Ce 19 août se déroulait à la caverne d’Abidjan, l’exposition immersive « Dagaba ». La belle initiative visant à mettre en lumière la beauté dans la simplicité de notre vie de tous les jours, été menée par Raissa Diaby et Marida Goffri qui nous ont fait le plaisir de répondre à quelques-unes de nos questions

Présentez-vous brièvement

Nous sommes Raissa Diaby et Marida Goffri, toutes les deux âgées de 24 ans. Nous sommes deux passionnées de photographie, de culture et d’art , avec l’envie de raconter des histoires et de mettre en lumière ce qui nous rassemble.
Qu’est-ce que l’évènement « DAGABA » ?

DAGABA est une exposition photographique immersive imaginée autour de la vie en communauté. À travers la photographie, la mise en scène et différents éléments du quotidien, nous avons voulu replonger les visiteurs dans une atmosphère familière : celle de la cour, de la maison, des repas partagés et de tous ces moments de vie dans lesquels chacun peut se retrouver.
L’idée était de créer une expérience dans laquelle on ne fait pas que regarder des photos, mais où l’on peut réellement se projeter.
Pourquoi ce nom ?

« DAGABA » signifie littéralement « grosse marmite ». La marmite représente parfaitement ce que nous voulions raconter : le repas autour duquel on se retrouve, on échange et surtout, on partage.
C’est aussi cette idée qu’il y a toujours de la place pour une personne de plus. C’est exactement l’esprit que nous voulions donner à l’exposition.
Qu’est-ce qui a motivé cette initiative ?
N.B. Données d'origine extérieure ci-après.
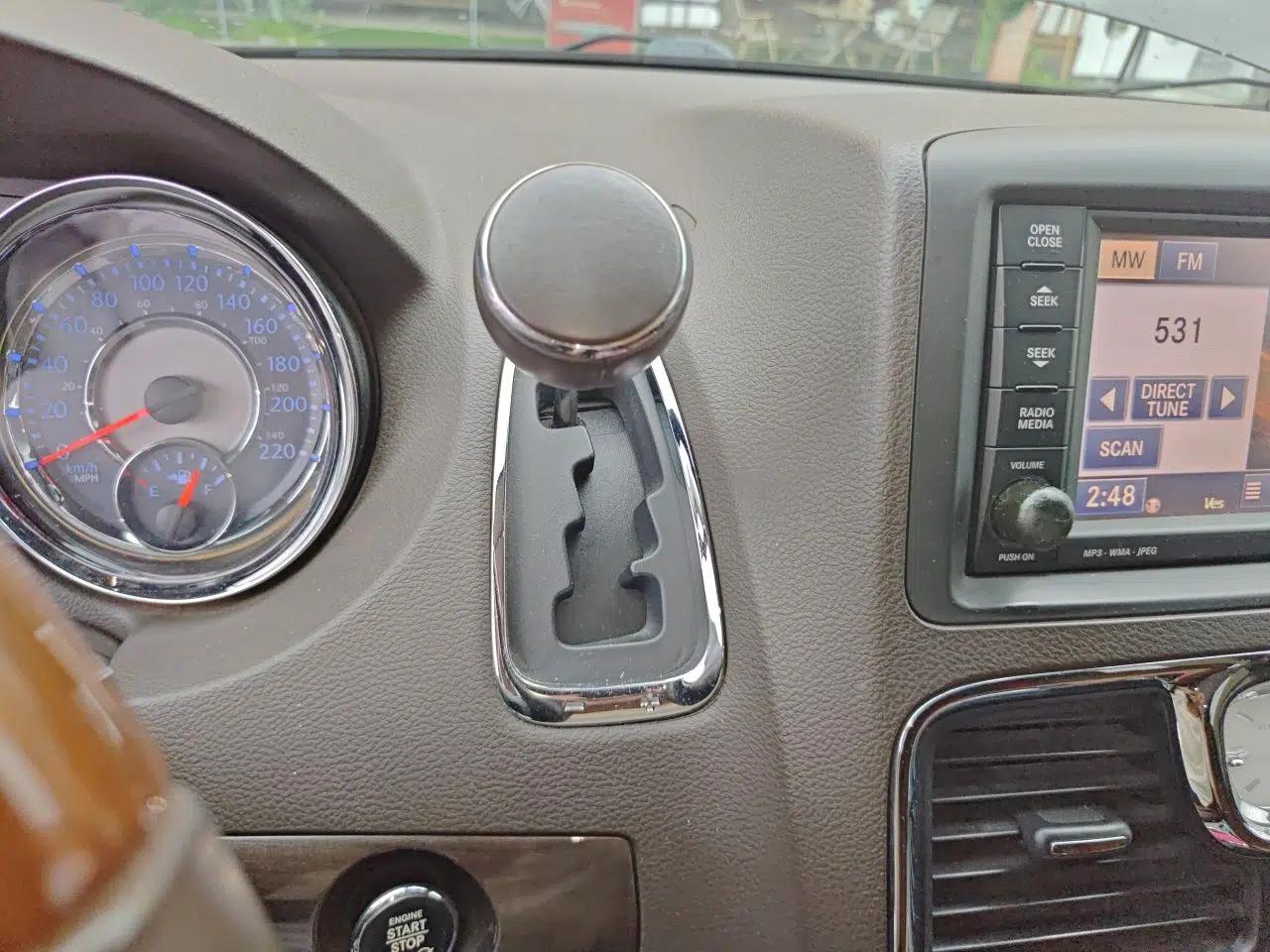 Chrysler Grand Voyager 2013 3.6L Luxury Edition — миниатюра 14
Nous voulions valoriser ces habitudes et ces gestes qui font partie de notre culture : l’accueil, le partage, la cour familiale, les discussions, les repas à plusieurs…
Notre culture est une richesse qui se perd petit à petit, et nous avions envie de rappeler l’importance de préserver cette dimension collective. Mais surtout, de pousser les gens à se retrouver, à sortir de l’individualisme et à recréer du lien.
Qu’est-ce que vous essayiez de communiquer via cet événement ?
Principalement que notre communauté est une richesse. À une époque où l’on peut facilement être ramené à soi-même et à son individualité, DAGABA était une invitation à revenir vers l’autre.
À travers le partage, la générosité, la transmission et l’hospitalité, nous voulions rappeler la valeur du collectif et l’importance de ces moments simples qui nous rapprochent.
L’idée pourrait finalement se résumer simplement par : « Viens manger, il y aura toujours une place pour toi. »
Prévoyez-vous de futurs événements dans cette même veine ?

Oui. DAGABA a été une première expérience qui nous a confortées dans l’envie de continuer à créer ensemble et d’aller encore plus loin.
Nous avons d’autres idées d’expositions et d’expériences artistiques autour de notre culture, de notre identité et surtout de ce qui nous lie. L’objectif est de continuer à explorer ces sujets sous des formes et des angles différents, tout en faisant découvrir au monde une nouvelle façon d’exposer et de faire vivre la photographie.